Beck alleges that she was sexually abused by her scholarly father, an apologist extraordinaire for the LDS, from the age of five although none of her siblings support her accusations.
What I found fascinating about her journey from one faith to another was the character of the new faith. Just a day after reading her book, I was researching Emmet Fox's teachings and suddenly noticed the correspondences and resonances between the two. Of course, behind the two is the New Thought movement to which Oprah Winfrey also belongs.
Martha Beck describes movingly her experience of trying to connect with God with the words: please, please, please, please . . . . (p. 54).
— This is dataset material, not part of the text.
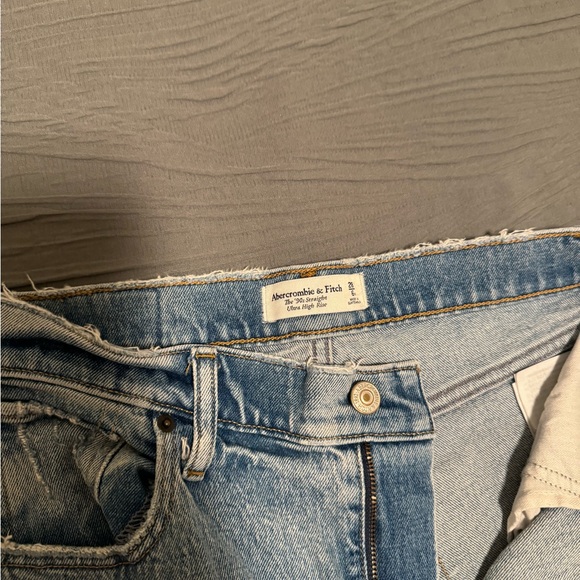 Abercrombie&Fitch Ultra High Rise 90s Straight Jean - Picture 4 of 9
In a hospital for surgery she is encountered with 'The Light' (ch. 16) which is a love-experience (p. 112) and importantly is given five things to remember:
1. I am here. Always, I am always right here.
2. The way we are now, this being together, being one, is not the way you are supposed to feel after you die. It is the way you are meant to experience life.
3. The one place you can find me is the one place you have been afraid to go: to your own heart.
4. It will not be easy for you to go there.
5. I will be here. Always. I will always be right here (p. 113).Much of the rest of the book shows how hard it is for Beck 'to go there [to her own heart]'.
As an evangelical Christian I cannot agree with Beck's path to God although all Christians will find this book a challenge to the formalism and conformism that can dog all Christian circles of whatever persuasion.
I think that Martha Beck became sick of the formalism of the LDS and rightly sought to find God. One can only pray that she will be led to find the Jesus Christ of the scriptures.